[Start of Attachment]

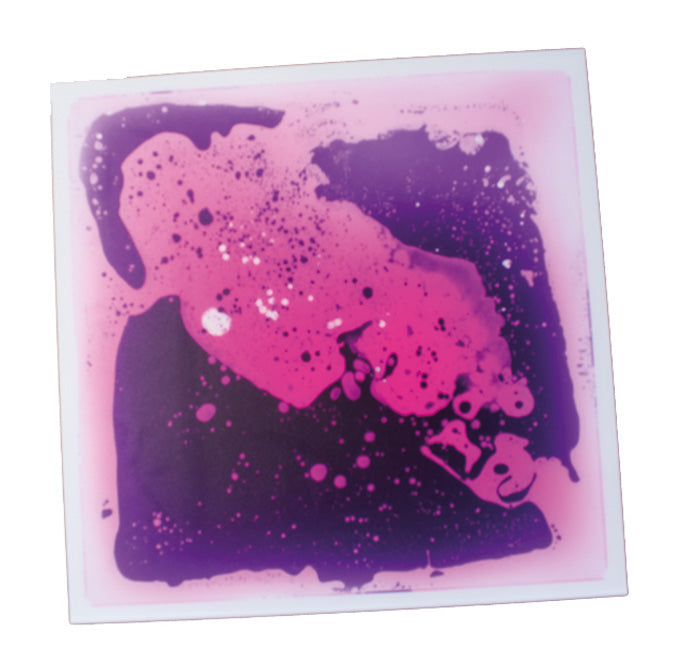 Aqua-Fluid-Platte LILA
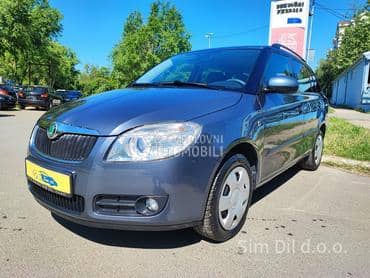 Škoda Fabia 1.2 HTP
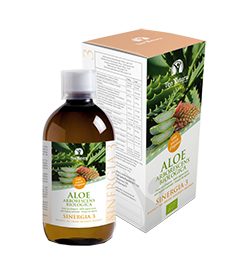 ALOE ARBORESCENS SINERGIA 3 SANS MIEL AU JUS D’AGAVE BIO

[End of Attachment]

__Try it__: Starting with the line that contains "Škoda Fabia 1.2 HTP", print every line through the end of the data exactly as written; omit all pictures and add nothing else.

__Answer__:
 Škoda Fabia 1.2 HTP
 ALOE ARBORESCENS SINERGIA 3 SANS MIEL AU JUS D’AGAVE BIO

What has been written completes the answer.